预测总体过程：inputs (images tensor) -> preprocess -> predict -> postprocess -> outputs (boxes tensor, scores tensor, classes tensor, num_detections tensor)
预测脚本eval.py中调用了evaluator.py中的 evaluate方法

def evaluate(create_input_dict_fn, create_model_fn, eval_config, categories,
             checkpoint_dir, eval_dir, graph_hook_fn=None, evaluator_list=None):

  # model 就是 DetectionModel 子类的实例
  model = create_model_fn()

  if eval_config.ignore_groundtruth and not eval_config.export_path:
    logging.fatal('If ignore_groundtruth=True then an export_path is '
                  'required.
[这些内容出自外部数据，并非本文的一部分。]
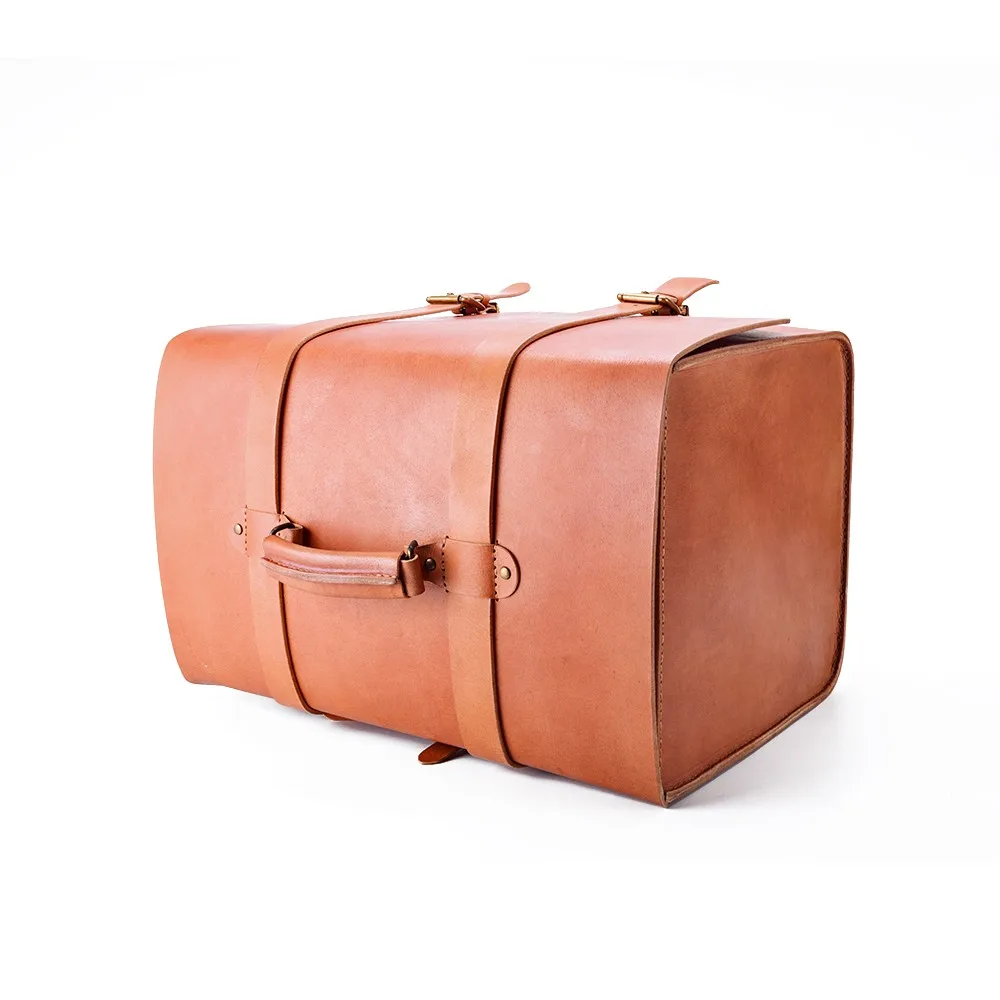 Боковая коробка для мотоцикла верхний корпус Высококачественная упаковка багажа сумки путешествий на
Aborting!!!')

  # 要到该方法下继续查看
  tensor_dict, losses_dict = _extract_predictions_and_losses(
      model=model,
      create_input_dict_fn=create_input_dict_fn,
      ignore_groundtruth=eval_config.ignore_groundtruth)

进一步分析 _extract_predictions_and_losses 方法：

def _extract_predictions_and_losses(model,
                                    create_input_dict_fn,
                                    ignore_groundtruth=False):
  # 获取输入数据过程省略，最终输入数据保存在 original_image 中
  original_image = ...

  # 调用 model.preprocess 方法
  preprocessed_image, true_image_shapes = model.preprocess(
      tf.to_float(original_image))

  # 调用 model.predict 方法
  prediction_dict = model.predict(preprocessed_image, true_image_shapes)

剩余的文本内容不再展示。